Amlzheimers

Please read (Page 777) on the book of (The Norton Introduction to Literature Kelly J. Mays)

September 18, 2017 9:03:19 PM CDT
1 day ago

Stefanie Pascual

Question
What is the relationship between the speaker in “Alzheimer’s” and the man to which she’s referring in the poem? Do these two people have a cordial, loving relationship? If so, how do you know?

Respond to this answer
Just by knowing the title of the poem, I already had a good feelings about the topic of this reading.
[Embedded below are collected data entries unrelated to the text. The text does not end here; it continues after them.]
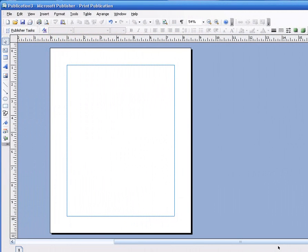Good day. This is Microsoft Publisher again. We're going to turn the paper sideways — that's called Landscape. We're going to copy objects and we're going to make a big fat arrow. Let's get started.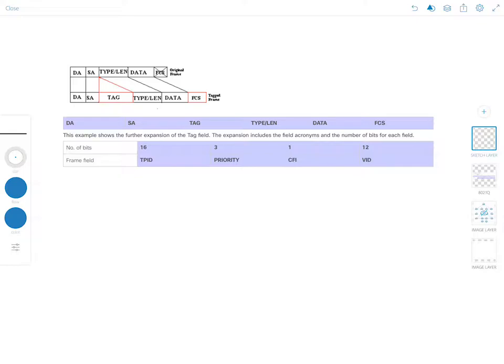ISL encapsulates the entire frame, but 802.1q just adds a small tag. Because the frame is altered by adding this tag, the trunking device recomputes the frame check sequence on the modified frame. The switch sends the Ethernet frame with the tag, the tag is removed at the receiving end, and the frame is forwarded to the assigned VLAN.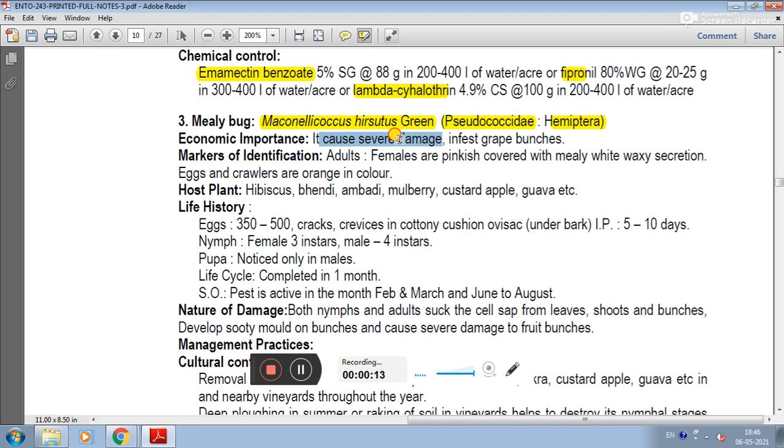Economic importance: it causes severe damage to infested grape bunches. These grape bunches are fully damaged.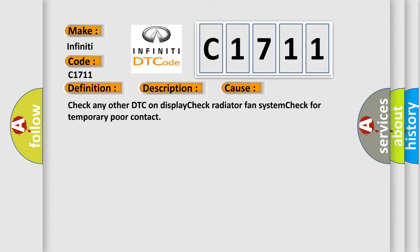This diagnostic error occurs most often in these cases: Check any other DTC on display. Check radiator fan system for temporary poor contact.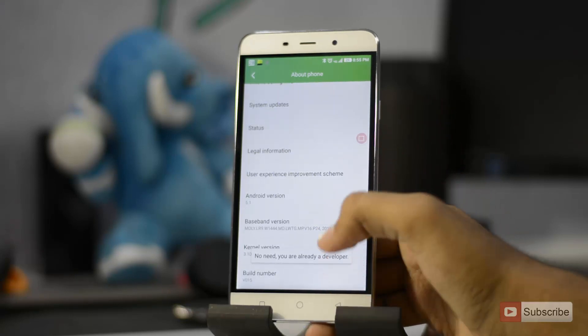And you'll get a simple toast message saying that you're a developer. As I have already enabled developer options on my device, I am getting a toast saying you're already a developer.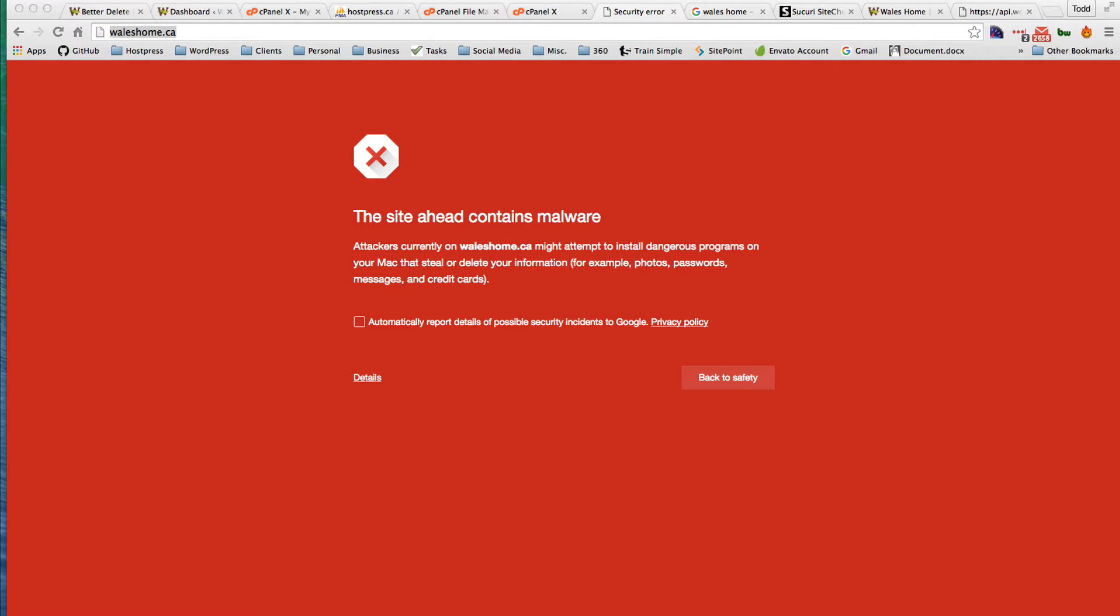So I have a site here that's been hacked or at least compromised. Not necessarily hacked, but it does contain malware.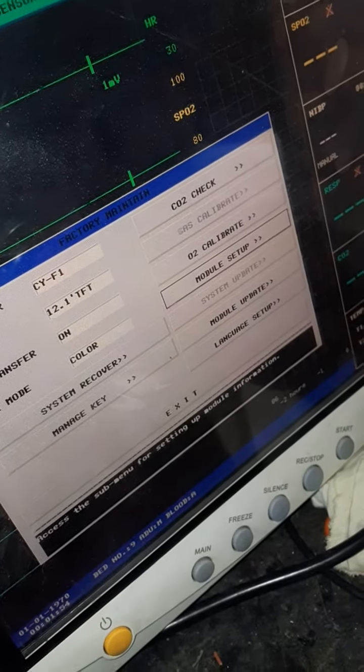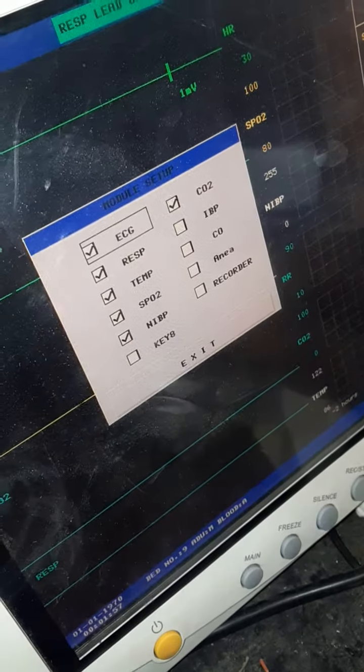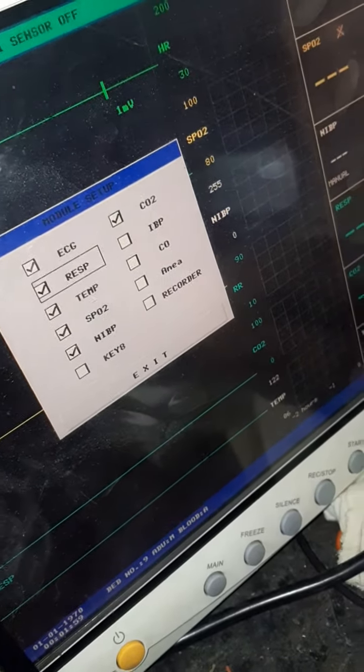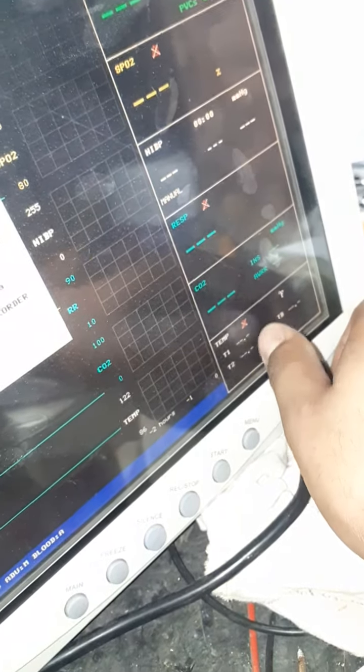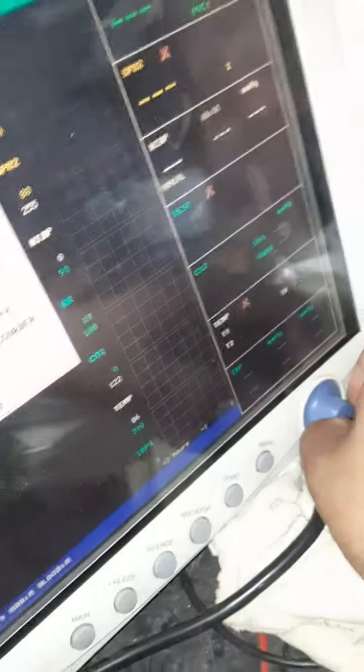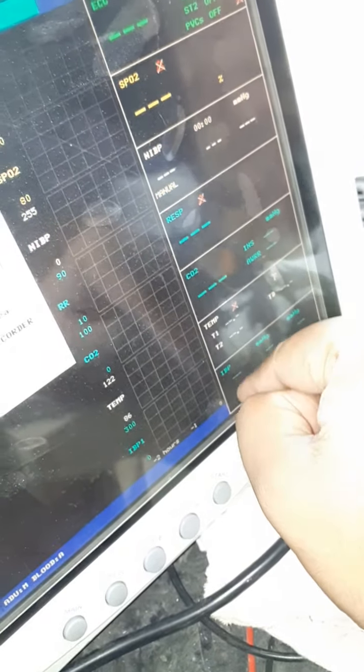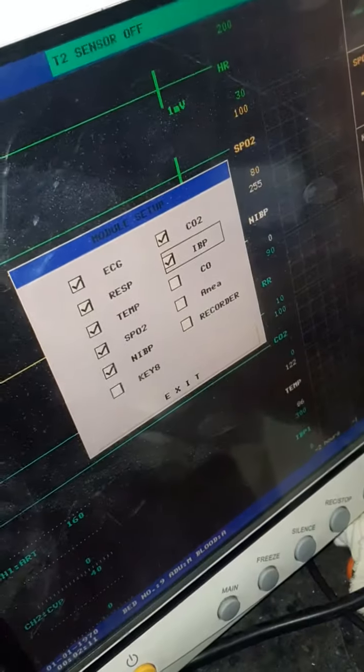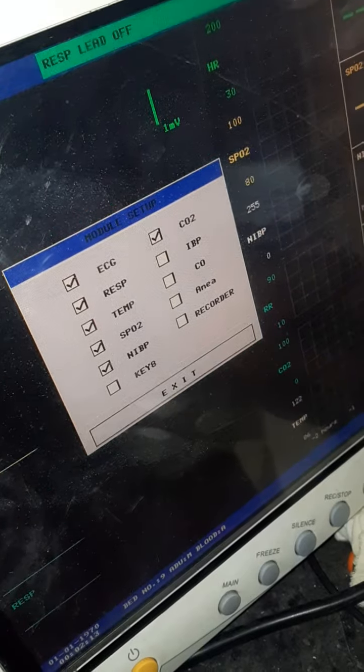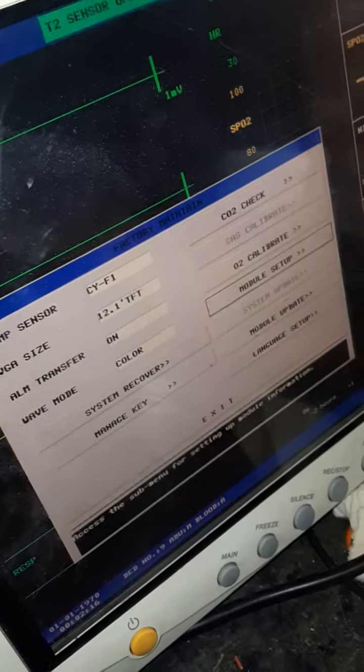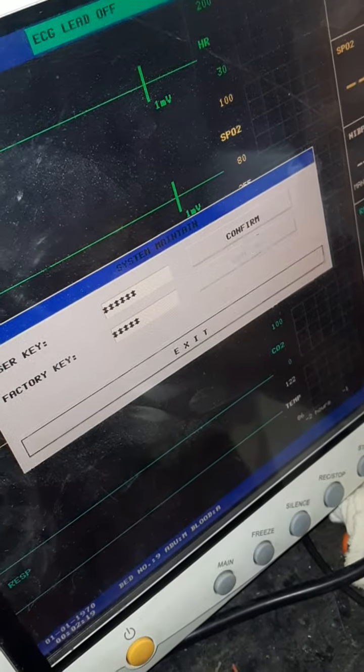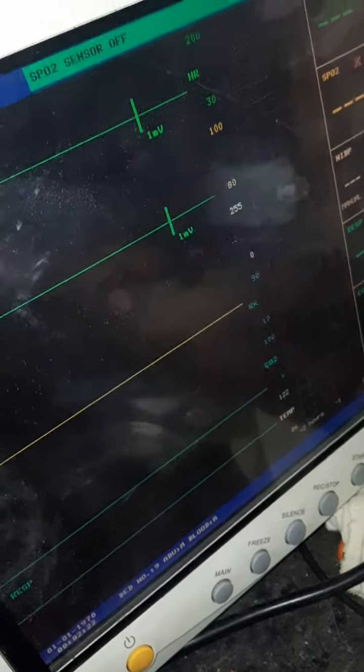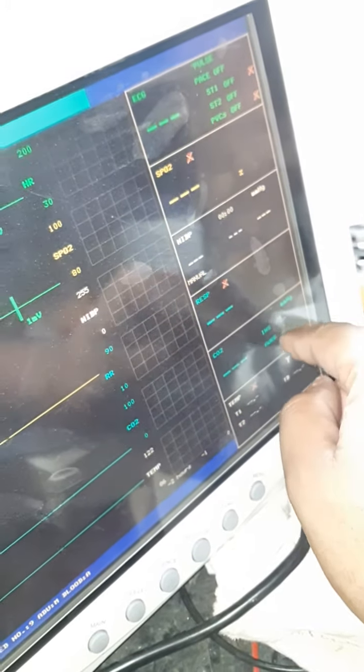You have to go to module setup. Press module setup and you'll see what modules you need. In my monitor, CO2 is there, everything is here, but IBP is not there. If I click IBP, I will get IBP in the last corner. If I want to remove it, I can. You can convert your monitor to three parameters by reducing them. After doing this, go to the exit button - press exit two times and you'll get the same settings on your front display.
So after the first 2 lines of the stanza, I had no confusion at all. The poem starts out a bit harsh mentioning “the crazy old man” and “a book he sometimes pretends to read,” almost like the speaker has a sarcastic tone in his or her voice. The poem then leads to the time and place when the man with alzheimer’s is taken home, “this is his house. He remembers it as his.” I happen to have an aunt who is beginning to suffer from dementia, and she is able to recall memories in past years but she cannot obtain any event or person she has met in the past couple of months. The speaker comes to explain how the man “remembers the walkway he built between the front room and the garage..the car he used to drive…He remembers himself.” This shows that the man is able to recollect his time in the house he built, as well as his youth and how he used to love music. The emotion of the poem turns almost heartbroken as the speaker mentions that the man must “decide who who this woman is…welcoming him in.” At that point I start to think that it is not the wife/lover who is the speaker of this poem, but perhaps the daughter or son of the man. If the man can recall his youth and the days he built his home, then I believe that he can remember his kid(s). Someone who is his immediate relative would have had to pick him up and discharge him from the hospital to bring him home.